> _Problem details_
Repeat the data as given. Images do not go in the copy.

> _Dataset section_
****************************************
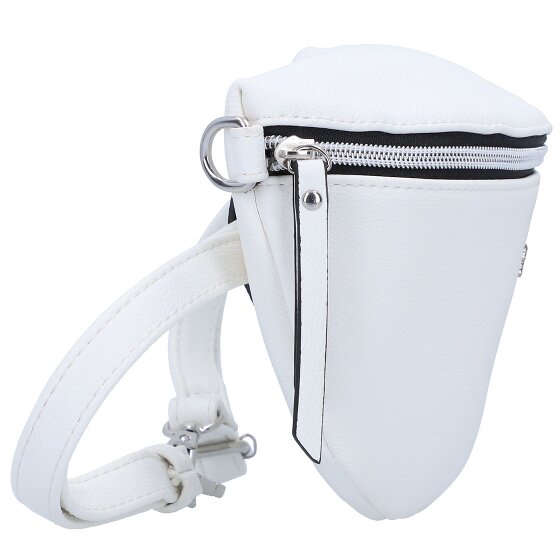 Tom Tailor Denim Sac banane Rosie 24 cm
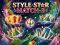 Hra Style Star Match-3 online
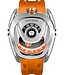 Tsar Bomba TB8213A(1+1)-01 Herrenuhr Reactor 44 mm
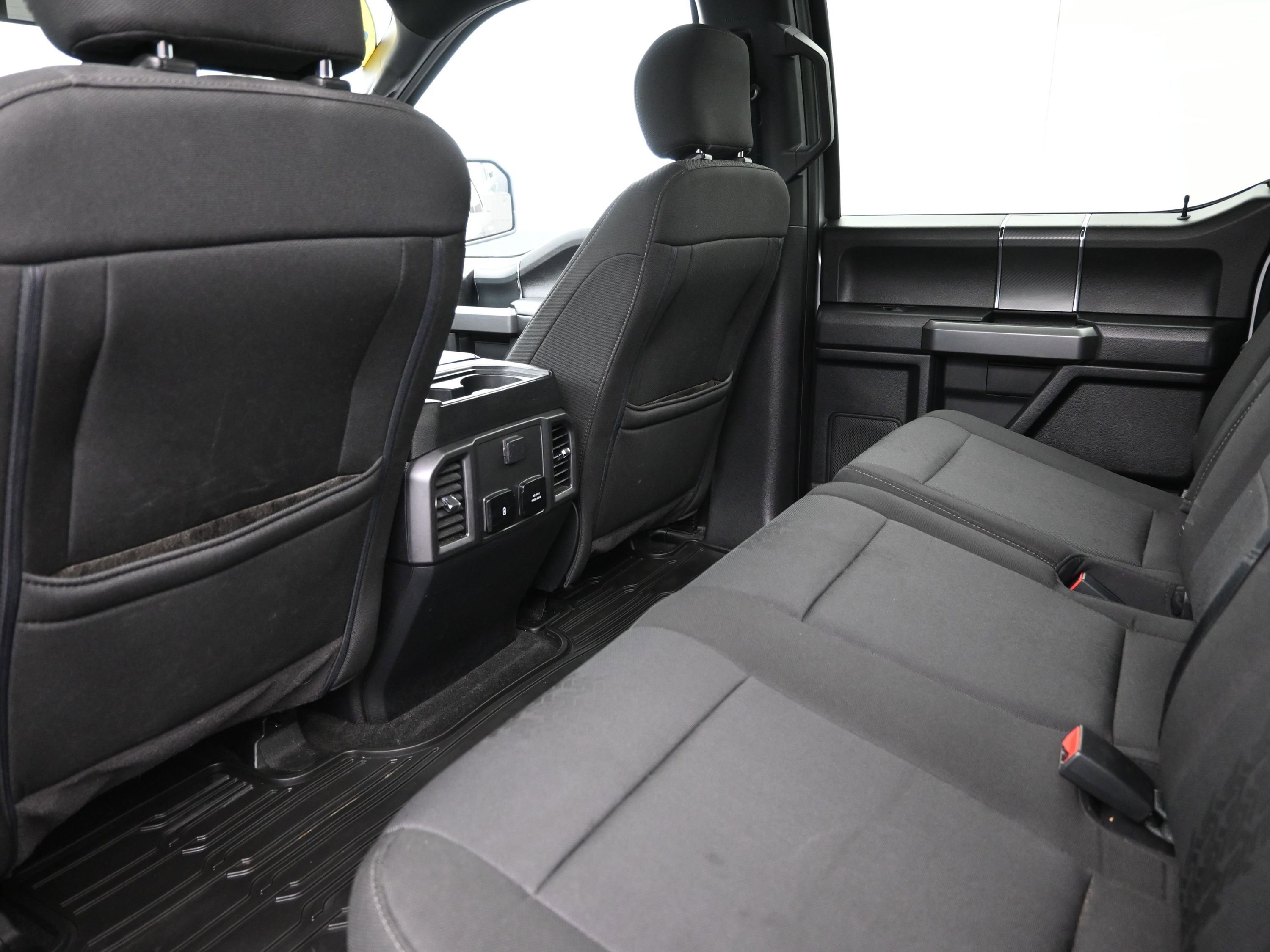 Used 2020 Ford F150 XLT w/ Equipment Group 302A Luxury image 22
****************************************
> _Answer to this task_
 Tom Tailor Denim Sac banane Rosie 24 cm
 Hra Style Star Match-3 online
 Tsar Bomba TB8213A(1+1)-01 Herrenuhr Reactor 44 mm
 Used 2020 Ford F150 XLT w/ Equipment Group 302A Luxury image 22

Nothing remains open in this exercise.